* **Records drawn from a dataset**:

##########

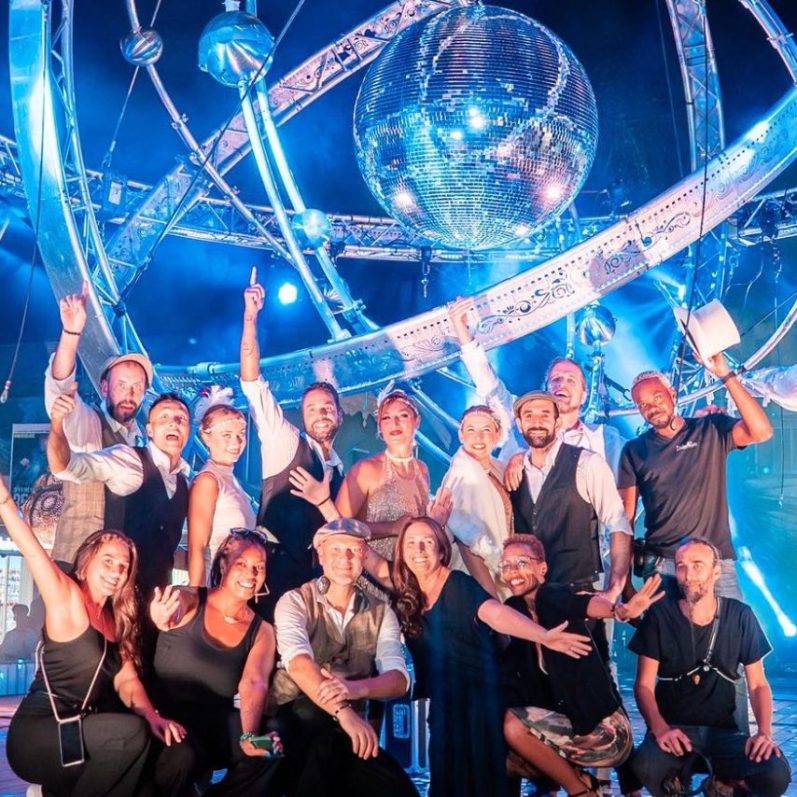 équipe deus ex machina Groupe d'artistes cabaretsouriantes en fête avec une boule à facettes en arrière-plan.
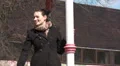 Pretty woman waits alone outside, happy HD Footage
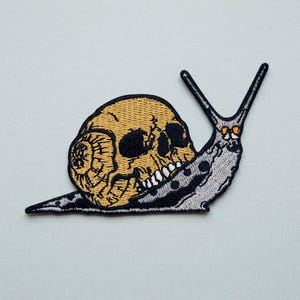 Puede incluir: Un parche bordado que muestra un caracol gris con un cráneo humano amarillo como concha. El caracol tiene dos antenas largas y pequeños ojos circulares de color naranja. Todo el diseño está delineado con hilo negro, creando una forma definida.
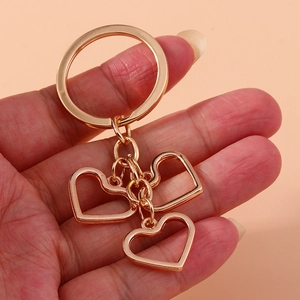 Handheld view of rose gold hollow heart keychain with three charms on simple pink background
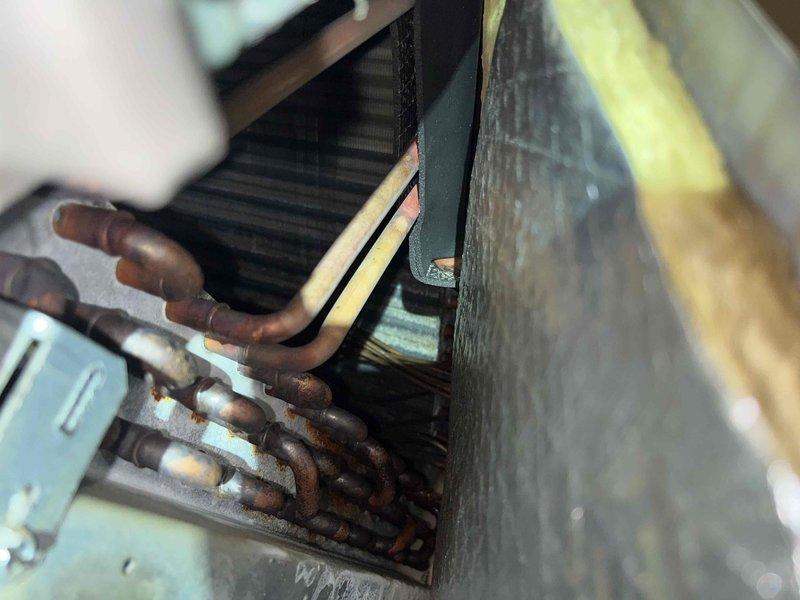 Completed preventive maintenance inspection under Club AC12-4 agreement. Performed comprehensive system evaluation including inspection of indoor evaporator coil assembly and refrigerant line sets. Documentation revealed significant rust and corrosion present on copper refrigerant lines, indicating extended service life or moisture exposure concerns. Photographed deteriorated piping conditions showing brown oxidation and surface rust on tubing connections to air handling components. Inspected finned coil heat exchanger and associated electrical junction boxes. System operational at time of service visit with noted concerns regarding refrigerant line integrity for future monitoring.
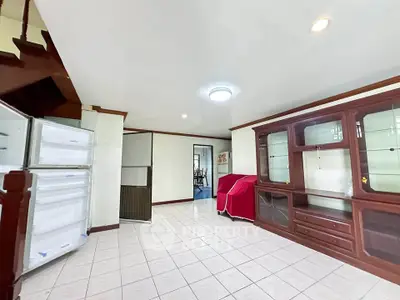 Spacious living room with built-in wooden cabinets and tiled flooring, ideal for family gatherings.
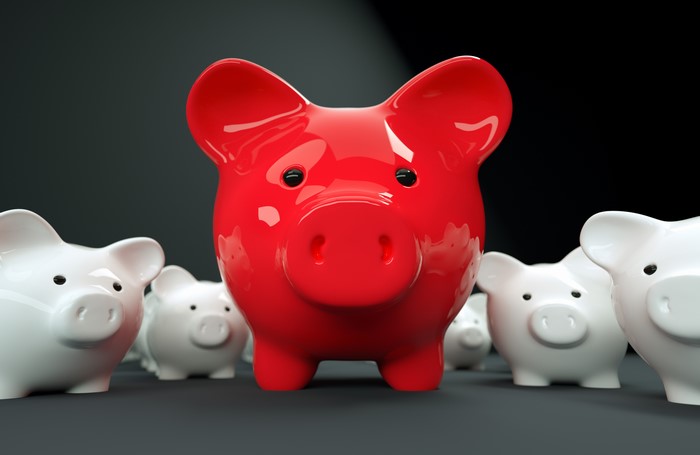Red piggy bank in front of white piggy banks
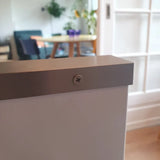 Gros plan d'une vis Enzo en acier inoxydable de yessential.fr fixée sur une surface blanche, avec un arrière-plan flou montrant une table, des chaises et des plantes d'intérieur dans une pièce lumineuse.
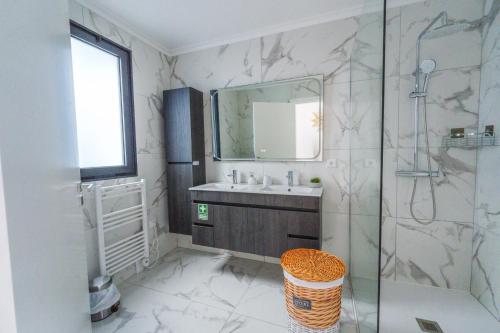 a bathroom with a sink and a shower with a mirror at Eva's house in São Vicente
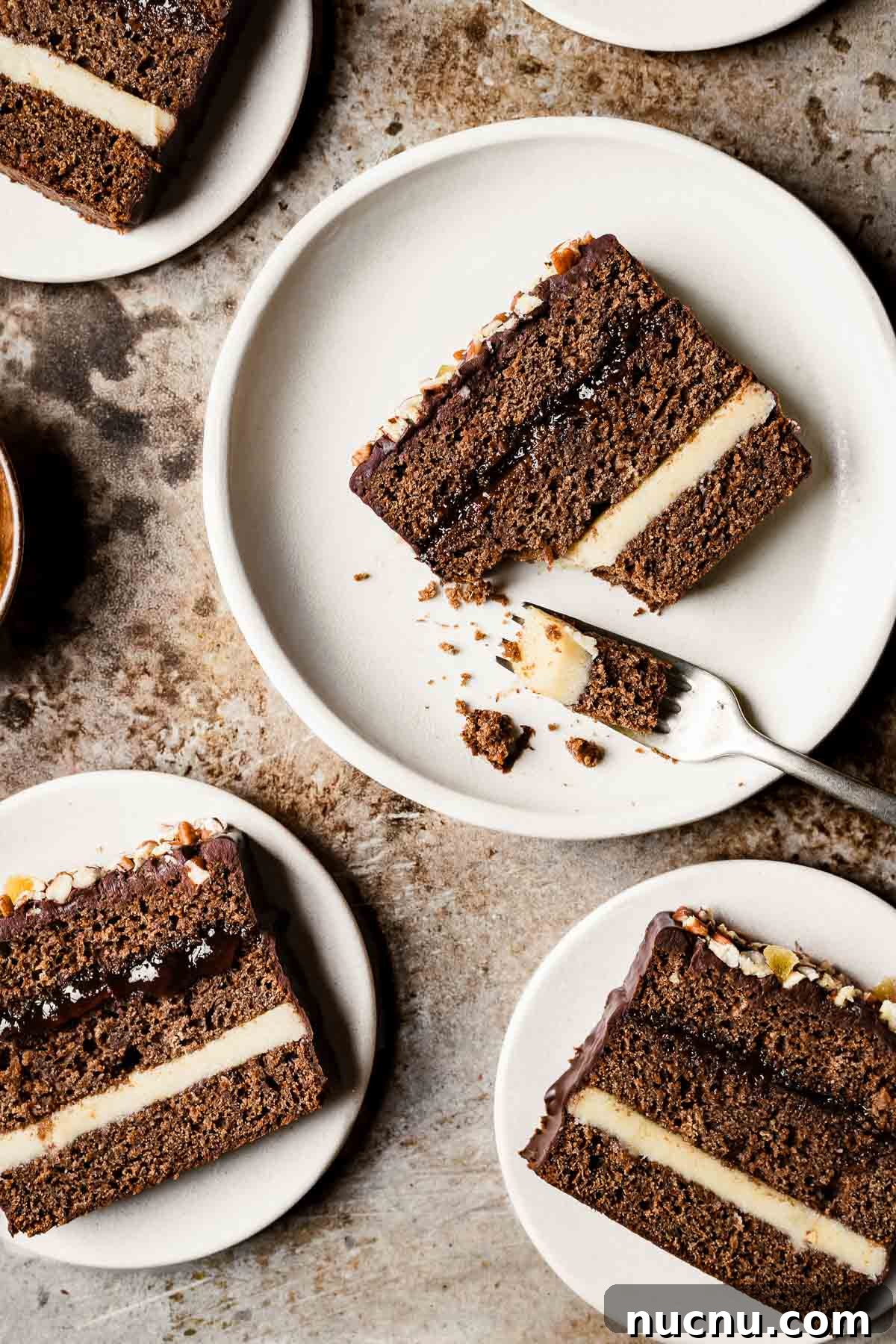 Slices of piernik honey spice cake on tan plates.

##########

* **Exercise**: Output only the lines above from the one containing "Pretty woman waits" to the one containing "Handheld view of", both included, exactly as written and with no pictures.

* **Reply**:
 Pretty woman waits alone outside, happy HD Footage
 Puede incluir: Un parche bordado que muestra un caracol gris con un cráneo humano amarillo como concha. El caracol tiene dos antenas largas y pequeños ojos circulares de color naranja. Todo el diseño está delineado con hilo negro, creando una forma definida.
 Handheld view of rose gold hollow heart keychain with three charms on simple pink background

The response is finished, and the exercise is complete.